Sunday, July 29, 2007

a few words.

i was supposed to stop everything. i was supposed to start anew. my life was a mess. well, it still is. but i believe that everything will take its place in due time.

i have been torn in two situations for the past few months. i've been a caterpillar choosing between two branches to spin its cocoon. i have two choices. but there can only be one path to take.

i had to choose between my family and friends. i had to fight both sides to gain my happiness. but in the end, my happiness was sacrificed. in both sides. i have lots to learn, esp. in the turn of events. i have lost old friends yet have gained new ones.

i have lost a loved one. someone i cared for. someone i loved. maybe still love. someone i can't have. this may be the last entry i write about him.

i wonder if he will get the chance to read this. i doubt it. but even so, this is what i would like to say:

i love you. but you know that we can't be with each other. for reasons that i myself don't understand. it will an eternity of mystery. a life full of "what ifs." i love you, mybe. but maybe my love isn't enough to suffice the pain, hurt, and chaos that goes under the roof. it's a chaotic world i'm in when i'm with you. a world full of love yet full of anger and hate. it's an oxymoron that will forever stay true. we both have stayed true to each other. that i know. i have loved you more than you'll ever know. the three words that have been sacred, you got them out from me. my heart i have given to you a long time ago. i can't have you, mybe. it's a painstaking situation. an unforgiving choice. a sacrifice i don't think anyone, even you, will understand. but i will forever cherish you. your memories. your being you. i will forever love you. a promise that i will sincerely keep.

i am so proud of you. you've done a great deal. and i won't be surprised when, one day, i'll see your face on magazines and papers stating you to be one successful man. i will be proud of you. like i am now. i have faith in you. i always have and always will. together forever. yet always apart. a line i got from the love of reading.

tears will never stop coming, esp. when i have thoughts of you. but now, we are given a new chance to start. i don't know where the wind will take us. i don't know if fate will be by my side. i know that you are a good man. and i know that a lot of girls will fall for you. it's a pity that i can't be with you. it's a loss i want the people i label as "enemies" to see. it's my sacrifice. my love for you. and sadly, your love for me.
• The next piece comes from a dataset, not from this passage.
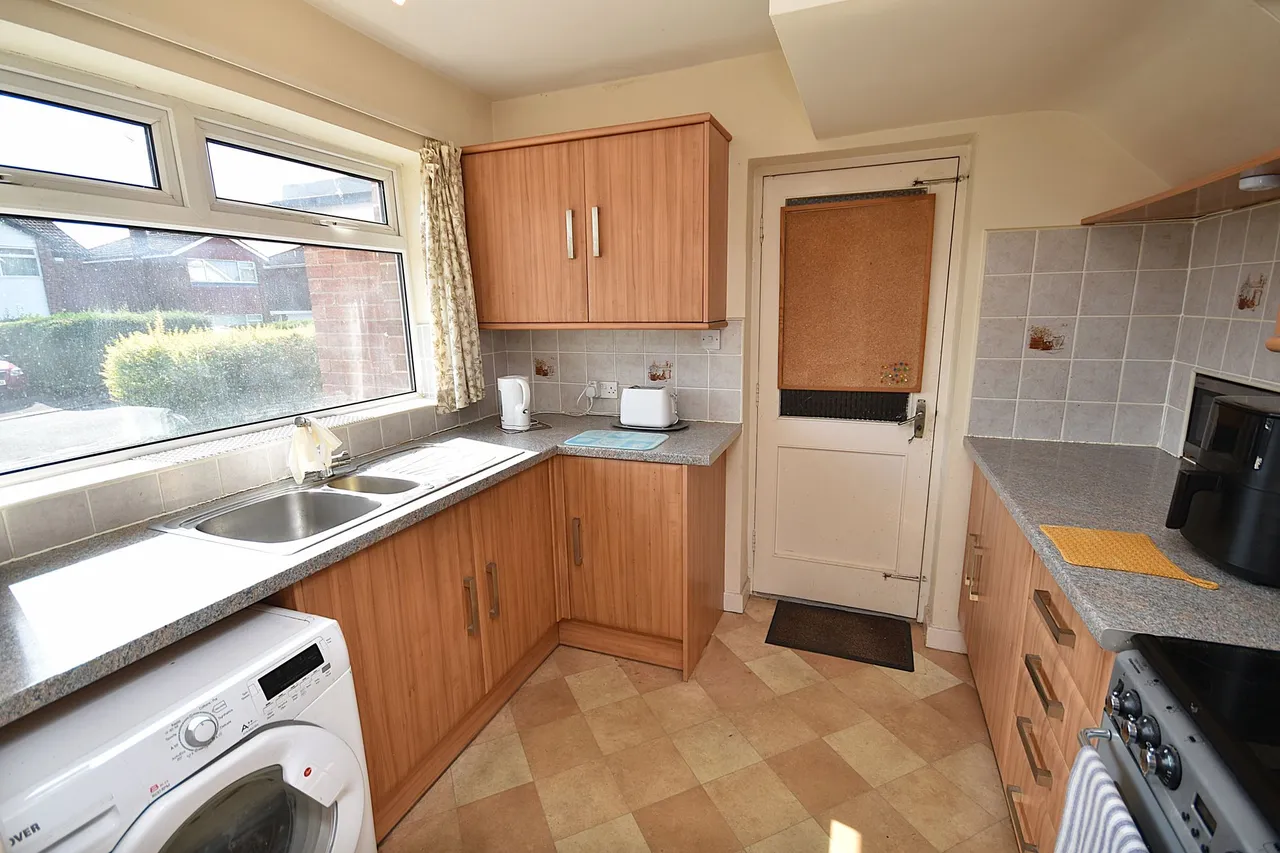 Arley Close, Macclesfield, photo 7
i love you, mybe. together forever yet always apart. a line i will keep close to my heart.

.....

come what may.

the jury has spoken.

the gamble is still on.

Thursday, July 26, 2007

dry eyes don't mean dry pillows.

it's been three months. well, nearly three months since we've parted ways. it's been almost twelve weeks of not being with you. of not being able to talk to you.
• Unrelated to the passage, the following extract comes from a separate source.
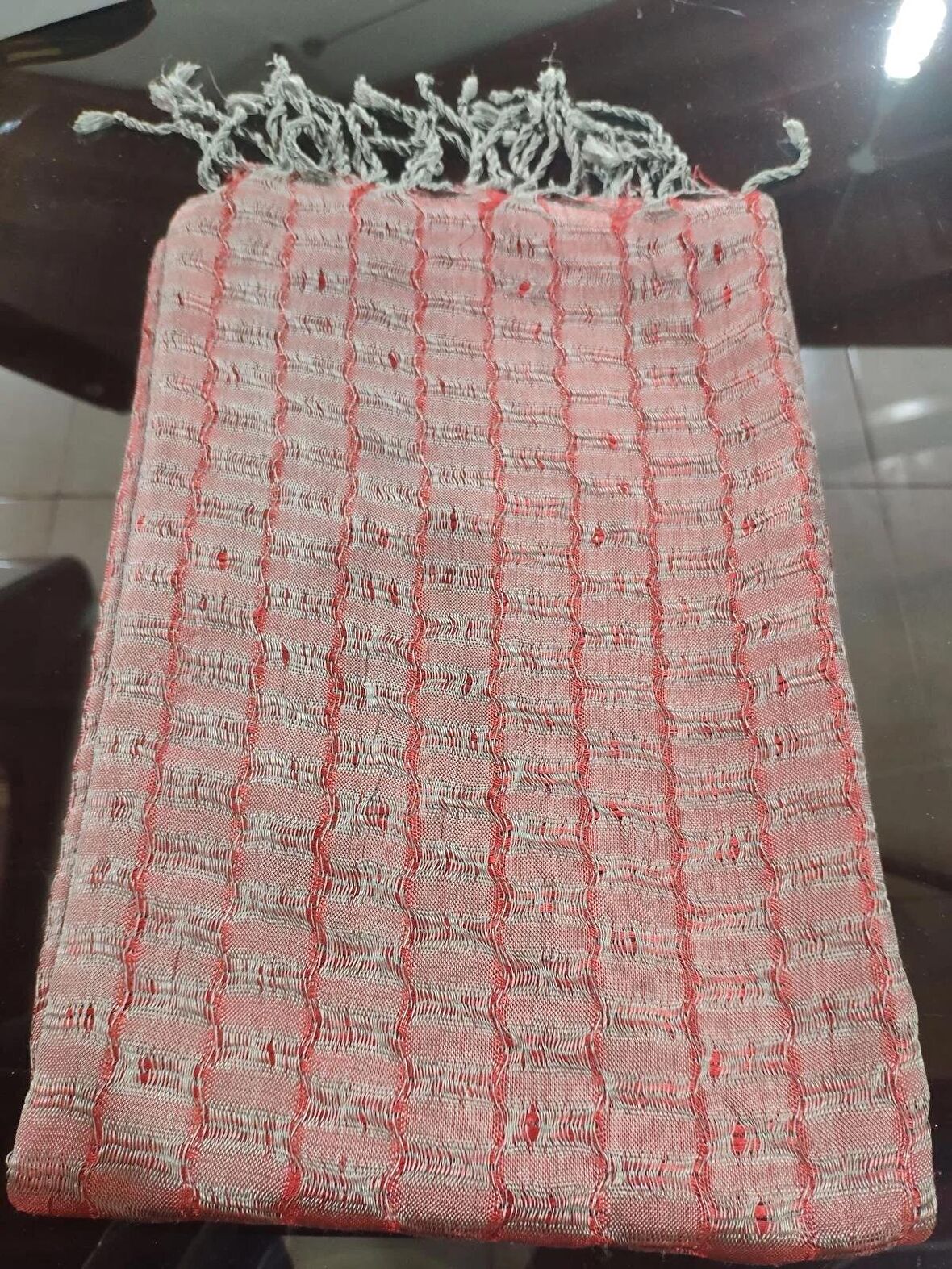 jakarlı kırmızı şal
i don't know why it's so hard to let you go. some part of me says it's guilt. another part of me says it's regret. but mostly, i think it's love.

it's hard for me to love someone. that's something i just discovered. it's hard for me to say "i love you." those three words, especially coming from me, mean a lot more than a kiss. i wish i said more i-love-you's when we were still together.

people tell me it's wrong to regret. "if you keep holding on to the past, how can you know what lies ahead?" i have to move forward. but with you, one step forward takes me two steps back.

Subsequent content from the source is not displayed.